Unionist campaigner William Frazer said yesterday there had been “very constructive” communication with the Garda and that his group would “now be travelling down on a date in the near future to discuss our many concerns around IRA collusion and many other issues”.
Mr Frazer added: “I also wish to go on record as welcoming the recognition of the Garda Síochána as to our right to peaceful protest in Dublin and the accommodating measures they were putting in place for us, the protesters and concerned citizens of Ulster.”
The Garda press office confirmed that senior Garda management were in communication with a representative of Mr Frazer yesterday. “These discussions were both positive and constructive.”
Mr Frazer was one of the leaders of the so-called Love Ulster rally in Dublin in February 2006, which degenerated into serious rioting in the city by protesters opposing it.
Among the current group’s demands are that the Tricolour be lowered from Leinster House. Mr Frazer admitted, however, that there was a “tongue in cheek” element to the demand. “I would expect the Irish people to say, ‘who do they think they are telling us to get the flag down?’ But that’s what happening with us here in Northern Ireland,” he said.
Meanwhile, the first meeting of the Unionist Forum is being held at Parliament Buildings, Stormont today. It was formed by First Minister Peter Robinson and Ulster Unionist Party leader Mike Nesbitt to positively redirect loyalist anger over the flags issue.
All unionist parties including the Progressive Unionist Party, which is linked to the UVF and some of whose members were involved in the flag disturbances, were invited to today’s meeting.
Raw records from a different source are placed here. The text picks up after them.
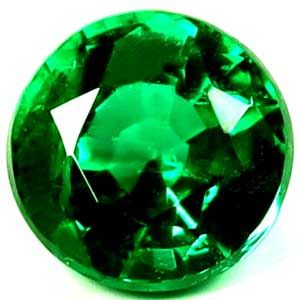 0.43ct Emerald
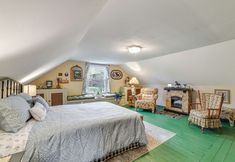 其他 3 1 Mi to Historic District: Mtn-view Franklin Home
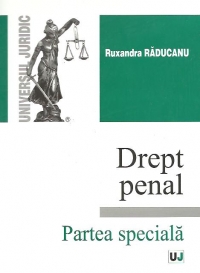 Drept penal - Partea speciala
The forum is to tackle issues such as flags, parading, deprivation and educational underachievement in the unionist community, strengthening British cultural identity, and persuading more unionists to vote.
Meanwhile, Northern Secretary Theresa Villiers, in a speech to the University of Ulster in Belfast last night, moved to provide some reassurance. “To those who are worried that their Britishness is being eroded – I’d say that Northern Ireland’s position within the UK is arguably more secure than it has been for decades,” she said.